Dataset extract below:

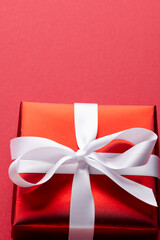 Image of red christmas gift decoration and copy space on red background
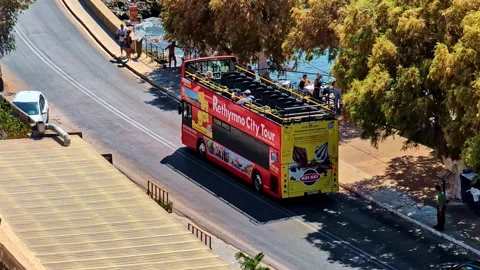 Double-decker tourist bus operating a sightseeing tour Crete Rethymno Greece Stock Footage 332392006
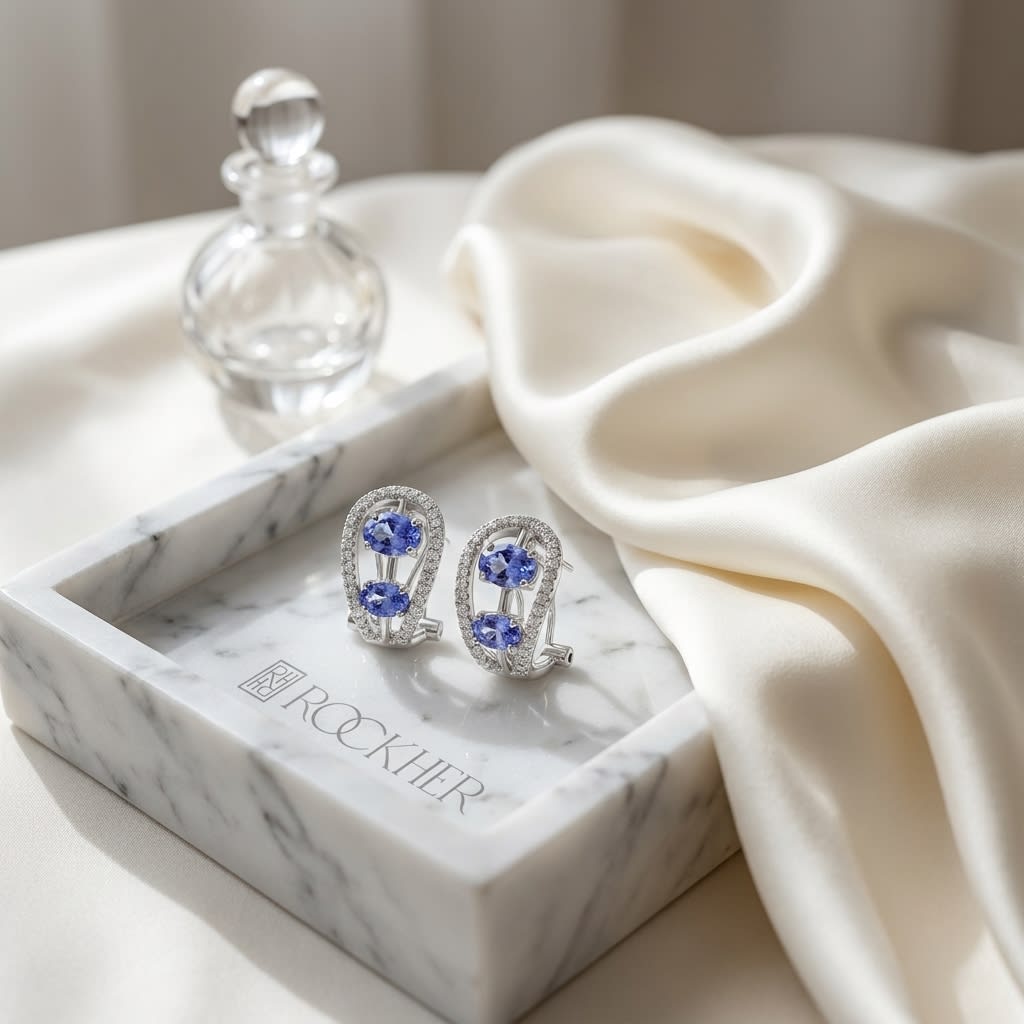 Tanzanite Round Brilliant Stud Earrings in 14K White Gold, on marble vanity tray with silk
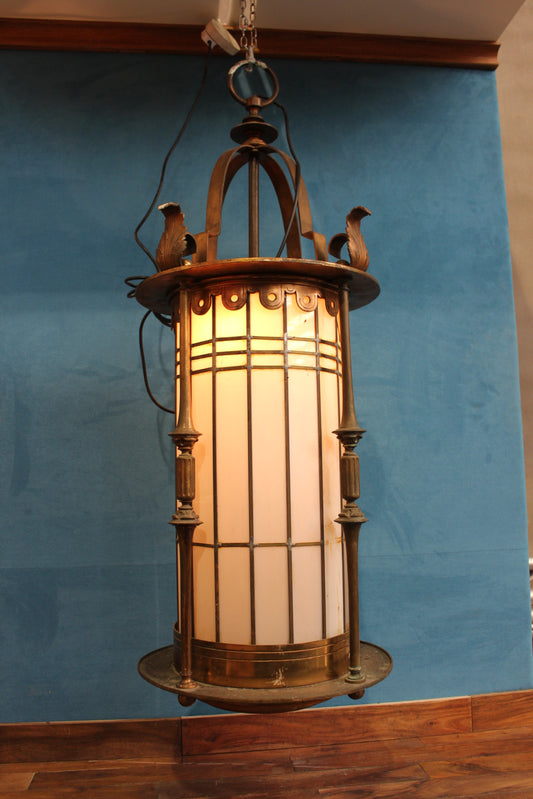 Brass hanging light decorated with acanthus leaves and opaque glass panels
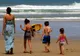 Kobieta i troje dzieci idą po piaszczystej plaży w stronę fal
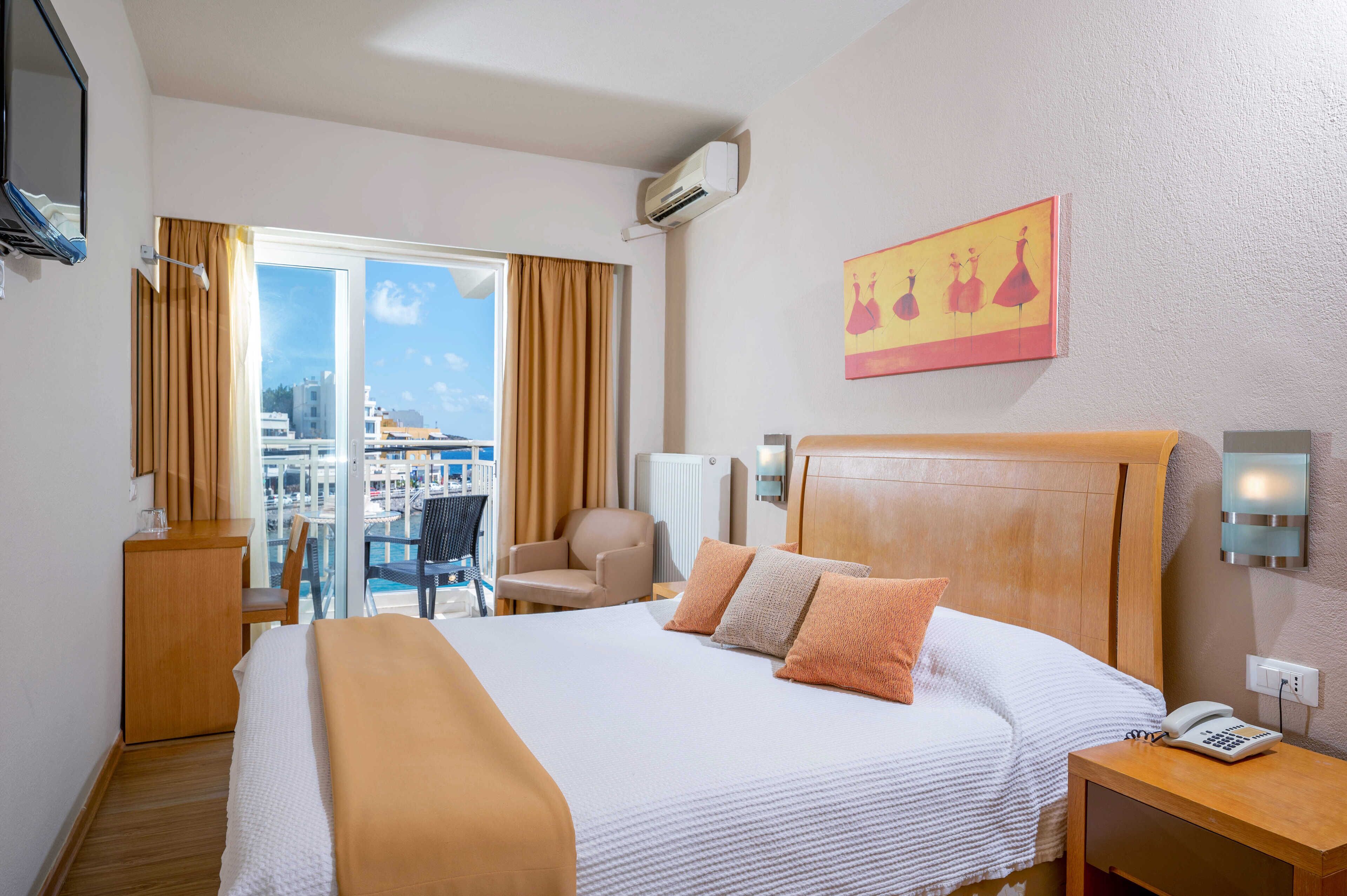 Hotelkamer met een groot bed, een bureau, een stoel en uitzicht op de stad door een groot raam.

End of Dataset extract.

**Exercise aim**: A faithful copy of all the records is required, with the pictures left out.

**Expected answer**:
 Image of red christmas gift decoration and copy space on red background
 Double-decker tourist bus operating a sightseeing tour Crete Rethymno Greece Stock Footage 332392006
 Tanzanite Round Brilliant Stud Earrings in 14K White Gold, on marble vanity tray with silk
 Brass hanging light decorated with acanthus leaves and opaque glass panels
 Kobieta i troje dzieci idą po piaszczystej plaży w stronę fal
 Hotelkamer met een groot bed, een bureau, een stoel en uitzicht op de stad door een groot raam.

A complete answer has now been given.